Pairing music by Martinu and Dvorák is a safe bet. Dvorák’s unashamed, lyrical folkishness is echoed in the sometimes more austere Martinu style—although in the case of the two works juxtaposed at the beginning of one of last week’s Saratoga Chamber Music Festival concerts, there wasn’t a hint of austerity. And what the two Czech composers did with their native musical fabric was echoed in pianist Gabriela Montero’s second-half solo performance of seven improvised pieces.
Violinist Noah Geller and violist Che-Hung Chen are Philadelphia Orchestra members who brought soloist-level virtuosity to Martinu’s Three Madrigals. The first movement offered an amiable, busy, lyrical theme sung against such typical string accompaniments as double-stops and arpeggios. In the second, an Andante, mutes and trills and pizzicato chords gave the colors when the duo wasn’t joining in Everly Brothers-style close harmony. The cheerful finale used light syncopations and a Bach-like arpeggio figuration.

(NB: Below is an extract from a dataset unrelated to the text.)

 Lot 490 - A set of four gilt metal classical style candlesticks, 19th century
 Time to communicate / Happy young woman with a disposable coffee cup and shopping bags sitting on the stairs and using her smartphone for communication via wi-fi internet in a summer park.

You can count on Dvorák for brilliant piano writing that verges on the sentimental but never gets mawkish. In his Piano Quartet No. 2, Montero mined that brilliance with a faultless technique. The four-movement work is traditionally structured, its opening allegro con fuoco characterized by a two-note motif and some soaring solo violin. Cello is featured plaintively in the ensuing lento, showing off Ohad Bar-David’s affecting voice, while the third movement begins as a bubbly waltz in which everybody dances.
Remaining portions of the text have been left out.